We see that in Figure 6.42, that PCA put an ellipse on the data (the left panel). It finds its main axes The axis are eigenvectors! The axis of the largest spread of the ellipse is the eigenvector with the largest eigenvalue (red arrows) and the second one is the next largest. It then rotates the ellipse around the center so that the eigenvectors are aligned with standard bases $$[1,0]$$ and $$[0,1]$$. I hope that it’s giving a better intuition about what PCA does!

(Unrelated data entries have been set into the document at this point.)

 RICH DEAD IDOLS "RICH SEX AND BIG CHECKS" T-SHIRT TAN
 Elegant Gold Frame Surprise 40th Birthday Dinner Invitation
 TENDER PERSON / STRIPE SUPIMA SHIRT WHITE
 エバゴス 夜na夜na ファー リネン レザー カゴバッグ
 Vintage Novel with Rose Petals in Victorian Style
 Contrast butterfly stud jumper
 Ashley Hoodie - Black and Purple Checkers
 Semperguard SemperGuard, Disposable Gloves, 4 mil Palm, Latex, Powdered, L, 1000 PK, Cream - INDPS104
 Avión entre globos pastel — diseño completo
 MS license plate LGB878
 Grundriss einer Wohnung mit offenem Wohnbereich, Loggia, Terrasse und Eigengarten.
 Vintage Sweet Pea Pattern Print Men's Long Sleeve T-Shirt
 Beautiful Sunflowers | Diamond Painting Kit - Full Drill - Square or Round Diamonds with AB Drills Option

### 6.5.2 Choosing the number of components

I guess one key parameter to set when doing a PCA is to choose the number of components. This is sometimes an arbitrary choice. You can start with for example 2 and go to whatever number that you like. However their methods for choosing the number of components.

For example, one can compute all the components and their eigenvalues. Then we average all the eigenvalues and select those components that have larger eigenvalue than the average. For example for matrix $$A$$

$Select \ v \ \ if \ \lambda_v > \frac{\sum_{n=1}^{rank(A)}diag(v)}{rank(A)}$

There are other more iterative methods. For example, doing bootstrapping on the dataset (randomly shuffle the data) and choose the number of components at long as $$\lambda$$ in the original dataset is larger than $$\lambda$$ in the bootstrapped data.

However, in practice, one might one to try a few first components. If you see a pattern of interest in the first component, there is normally little reason to go beyond $$1$$ or $$2$$ components.

### 6.5.3 Eigenvectors and regression

You might end up with some resourcing saying that the PCA eigenvectors are coefficients of linear regression. This is in fact true. The values of eigenvectors can be regarded as coefficients of a multiple linear regression which regresses $$Y$$ on $$X$$. This means if we assume that our first component is $$Y_{*,1}$$, our original data is sitting in $$X$$ (with $$n$$ variables) and our eigenvector for the first component is $$v=[v_1,v_2,v_3,...,v_n]$$, it can be shown that:

$Y_{*,1}=incetcept+ v_1 \times X_{*,1}+ v_2 \times X_{*,2}+...+v_n \times X_{*,n}+\epsilon$ So the values of eigenvectors can be thought of as the weights our coefficients of a linear model regression PCA scores on original variables.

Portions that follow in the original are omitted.